> Eu estava no corredor, olhando para a porta laranja que indicava ser da sala do 3º Ano do Ensino Médio. Faltavam cinco minutos para a troca de aula e eu pude observar aquela porta e deixar ser invadido por sentimentos conflitantes.
Aquela mesma porta me dava acesso, todas às sextas no ano anterior, à uma turma que me fez amar aquele colégio. Agora, aquela turma não existia mais, eu iria entrar na mesma sala, mas sem eles ali. Ao mesmo tempo, eu iria reencontrar e matar a saudade dos meus antigos e, também, amados alunos, que ano passado estavam no 2º Ano do Ensino Médio.
Eu estava prestes a lidar com o vazio e o cheio ao mesmo tempo. Com o nada e o tudo. Com o caos e a ordem da triste e linda dinâmica da vida de um professor: deixar ir para outros chegarem.
E tudo isso, no último dia da semana que marcou o início e o fim de muitas coisas na minha carreira.
Câmbio!
...
O meu despertador é muito violento. É um alarme estridente e contínuo que já me faz acordar aos solavancos inúmeras vezes. Mas na última segunda-feira, ele não tocou. Eu não deixei. Já estava acordado e às 5:28 da manhã eu já apertava a tela para desligá-lo. Eu estava ansioso demais para continuar dormindo, afinal de contas, era o primeiro dia de aula.

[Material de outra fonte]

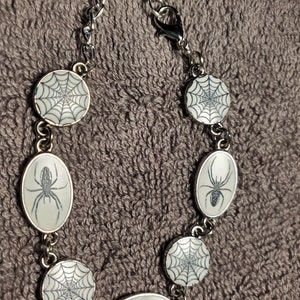 Spider bracelet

Pode parecer piegas para você, mas eu amo meu trabalho. Minha ansiedade era aquela das boas, que te dá frio na barriga. Eu estava louco para voltar à escola, reencontrar os antigos alunos e conhecer os novos. E nessa última semana em especial, eu me defrontei com muitas novidades.
Assim que cheguei na Unidade 2 do colégio Domus Sapiens, tive que conhecer de cara uma turma completamente nova. Fiquei responsável pelo Projeto de Vida das turmas do 9º Ano do Fundamental II. Eu não fazia ideia de quem eles eram e eles também nunca tinham me visto antes. Como todo primeiro contato de um relacionamento, as coisas foram meio devagar, tímidas e sem jeito. Não fico aflito, pois aprendi a respeitar o tempo das crianças.
Na sequência, reencontrei os alunos do novo 3º Ano do Ensino Médio. Não vou mentir para você, caro leitor ou cara leitora, mas no ano passado, quando eles eram alunos do 2º Ano, nossa relação não era uma das melhores. Era uma sala difícil de lidar. Por isso, estava com medo desse contato. Eu tinha dois caminhos, manter a frieza que funcionou como um escudo para mim ou começar do zero e tentar uma nova conexão com eles. Não precisei escolher. Assim que me viram, vieram sorridentes me cumprimentar e manifestar suas saudades. Na aula, tivemos momentos muito agradáveis conversando sobre o último ano que viria para eles, a formatura e os trotes. Não quero comemorar antes da hora, mas acho que vamos nos dar muito bem, exatamente como foi com o "terceirão" do ano passado.

O dia seguiu e o assunto foi, claro, a lei que proibia o uso de celulares nas escolas. Usei minhas aulas de sociologia para debater isso com os alunos das outras turmas do Ensino Médio. O resultado dessas conversas você pode conferir clicando aqui.
Eu voltei satisfeito para casa. Foi um bom primeiro dia de aula e o "peso da estreia" já tinha passado. Quer dizer, mais ou menos, pois no dia seguinte, terça-feira, eu iria começar minha jornada em outra escola, a The Joy.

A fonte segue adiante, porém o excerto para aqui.